I was going through delta lake documentation page. There is a line like this :
from delta import *
builder = pyspark.sql.SparkSession.builder.appName("MyApp") \
.config("spark.sql.extensions", "io.delta.sql.DeltaSparkSessionExtension") \
.config("spark.sql.catalog.spark_catalog", "org.apache.spark.sql.delta.catalog.DeltaCatalog")
spark = spark = configure_spark_with_delta_pip(builder).getOrCreate()
In the last line, we see a double assignment of same variable (spark). Does this do something different compared to :
spark = spark = configure_spark_with_delta_pip(builder).getOrCreate()
(vs)
spark = configure_spark_with_delta_pip(builder).getOrCreate()
In general, in python, is there a meaning to double assignment of same variable ?
CodePudding user response:
Short answer: It's meaningless. Aside from a few wasted cycles redoing the same operation, the end result is identical.
Long answer: There are scenarios where it could have an effect, but none of them apply to code being executed normally (not through eval
/exec
) that is assigning to bare names (as opposed to assigning to a dotted name, where the descriptor protocol and other forms of attribute access customization could do weird things, or assigning to the result of a subscript expression like indexing/key-lookup or slicing, where the override of __setitem__
could invoke arbitrary code).
In this case, on the CPython reference interpreter, all it does is add a couple extra instructions, one to duplicate the value at the top of the stack (so it can assign it to two targets without recomputing it), and one to assign to spark
a second time (which just causes the old value assigned to it to be discarded).

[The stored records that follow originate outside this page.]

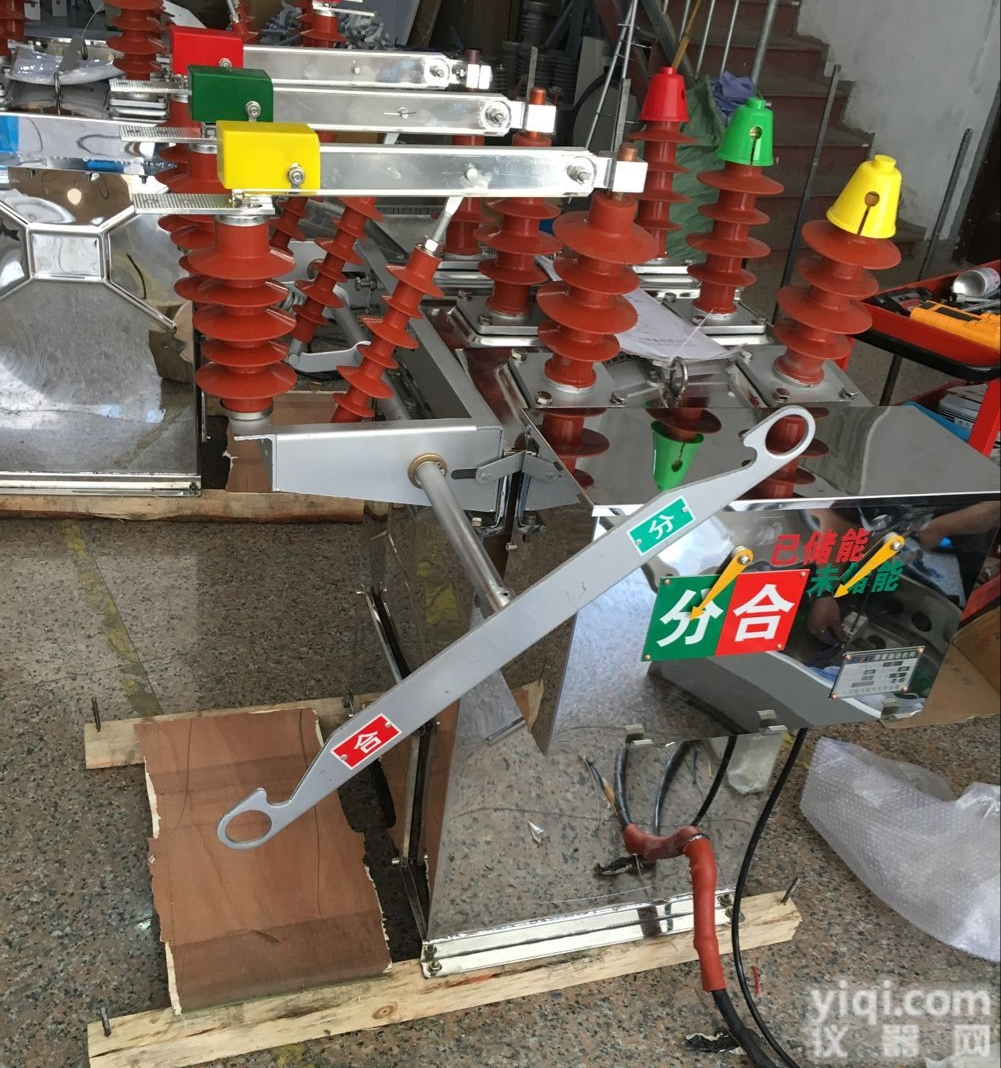 （精品）<em>ZW8-12型户外高压真空断路器</em>【高脚】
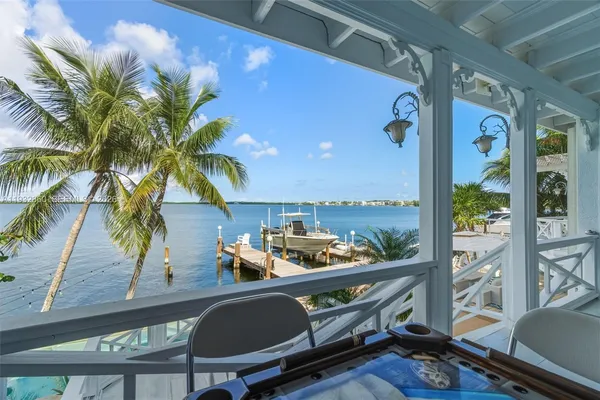 $2,900,000 | 16 North Drive, Key Largo, FL 33037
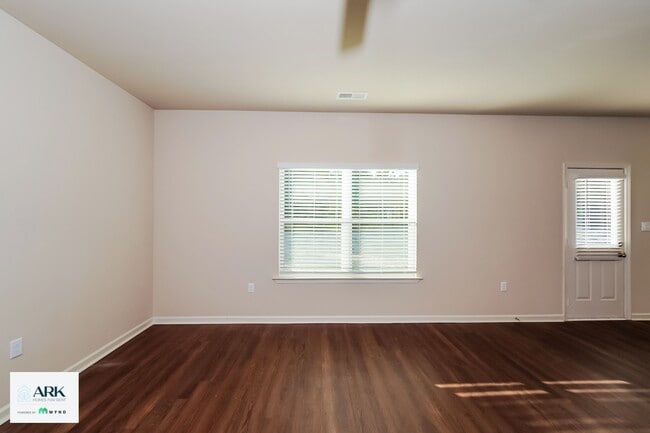 430 Clover Cir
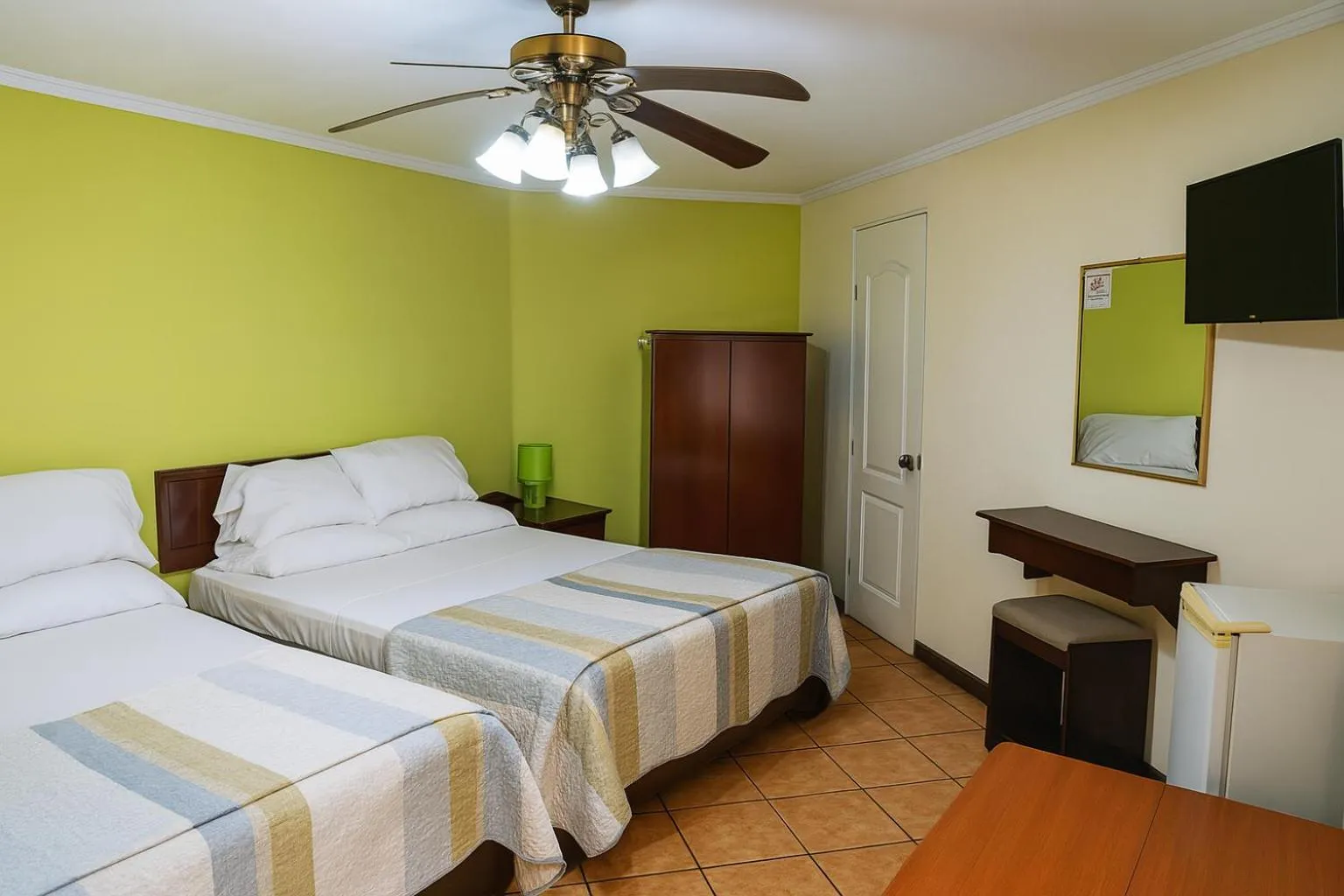 Bed in Hotel Puerta del Sol - San Jose Airport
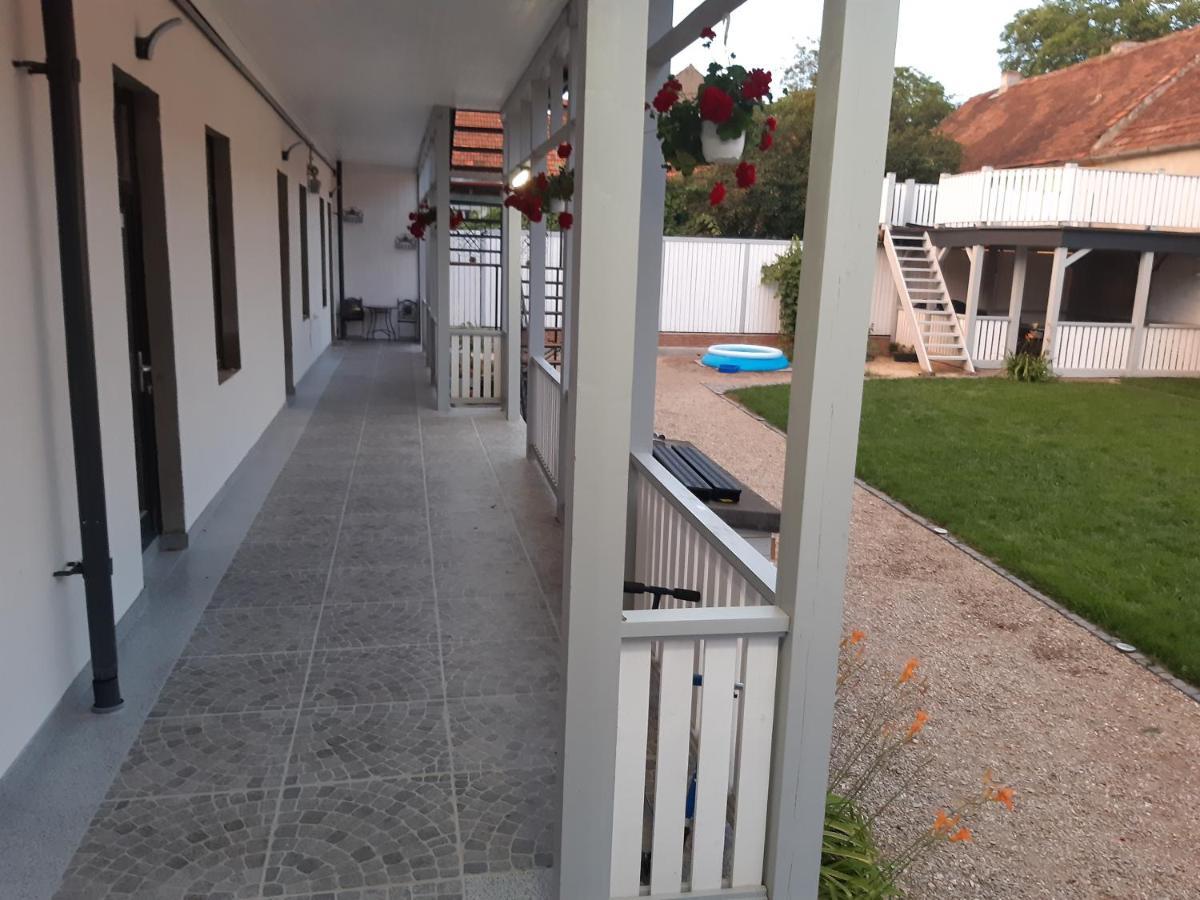 Casa J. Gusbeth Braşov Exterior foto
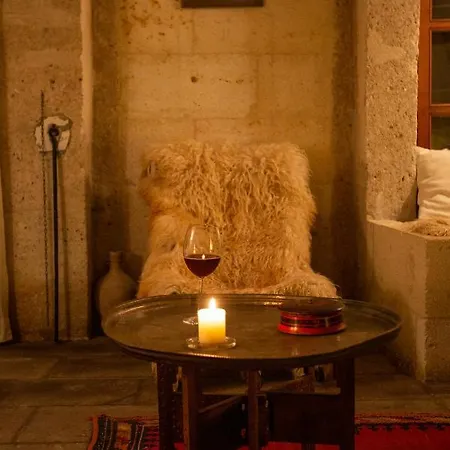 Asmali Cave House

The net effect of those two instructions is a couple unnecessary reference count manipulations (an extra incref when it doubles the top of the stack, and extra decref when it throws away the reference bound to spark
the first time in favor of the one bound the second time), and either one additional C array lookup (for STORE_FAST
/STORE_DEREF
, when executed in a function to a function local or closure variable respectively, with the latter adding a couple cheap pointer dereferences to find/update the location of the closure variable) or one additional dict
lookup (for the STORE_NAME
/STORE_GLOBAL
cases used for all other bare name assignments). The cost is trivial (low two-digit nanoseconds at most), so it's pretty harmless, just unnecessary.